* _ACTIVITY_
Set down exactly the entries below, beginning at their first line and ending at the line with "おもしろtシャツ【きなこ】面白い 可愛い 文字".

····················

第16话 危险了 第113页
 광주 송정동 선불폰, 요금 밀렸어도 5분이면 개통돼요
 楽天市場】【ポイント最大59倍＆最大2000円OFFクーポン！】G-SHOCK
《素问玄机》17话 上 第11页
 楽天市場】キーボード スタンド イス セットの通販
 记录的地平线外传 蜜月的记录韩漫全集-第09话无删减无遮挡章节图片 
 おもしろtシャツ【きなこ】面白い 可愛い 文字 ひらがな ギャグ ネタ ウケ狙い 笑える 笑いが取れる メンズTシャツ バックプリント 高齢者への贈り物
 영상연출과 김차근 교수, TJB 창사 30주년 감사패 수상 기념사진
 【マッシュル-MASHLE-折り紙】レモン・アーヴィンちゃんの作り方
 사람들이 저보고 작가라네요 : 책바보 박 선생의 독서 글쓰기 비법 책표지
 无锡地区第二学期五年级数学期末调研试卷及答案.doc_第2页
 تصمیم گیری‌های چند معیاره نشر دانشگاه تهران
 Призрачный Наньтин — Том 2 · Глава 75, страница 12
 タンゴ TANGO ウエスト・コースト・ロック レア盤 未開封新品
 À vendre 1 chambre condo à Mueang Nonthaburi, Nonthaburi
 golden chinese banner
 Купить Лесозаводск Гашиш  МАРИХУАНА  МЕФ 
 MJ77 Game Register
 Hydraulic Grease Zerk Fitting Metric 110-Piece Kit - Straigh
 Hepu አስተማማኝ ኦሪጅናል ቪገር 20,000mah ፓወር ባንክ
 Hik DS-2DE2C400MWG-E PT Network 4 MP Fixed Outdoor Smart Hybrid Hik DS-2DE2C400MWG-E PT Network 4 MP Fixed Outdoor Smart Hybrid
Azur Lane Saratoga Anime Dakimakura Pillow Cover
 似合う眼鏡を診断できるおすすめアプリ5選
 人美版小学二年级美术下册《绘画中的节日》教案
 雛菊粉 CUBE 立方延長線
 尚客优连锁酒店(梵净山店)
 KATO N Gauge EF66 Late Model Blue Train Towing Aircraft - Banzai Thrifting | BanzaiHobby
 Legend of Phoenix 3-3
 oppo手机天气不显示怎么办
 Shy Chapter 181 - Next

····················

* _RESPONSE TO THE TASK_
第16话 危险了 第113页
 광주 송정동 선불폰, 요금 밀렸어도 5분이면 개통돼요
 楽天市場】【ポイント最大59倍＆最大2000円OFFクーポン！】G-SHOCK
《素问玄机》17话 上 第11页
 楽天市場】キーボード スタンド イス セットの通販
 记录的地平线外传 蜜月的记录韩漫全集-第09话无删减无遮挡章节图片 
 おもしろtシャツ【きなこ】面白い 可愛い 文字 ひらがな ギャグ ネタ ウケ狙い 笑える 笑いが取れる メンズTシャツ バックプリント 高齢者への贈り物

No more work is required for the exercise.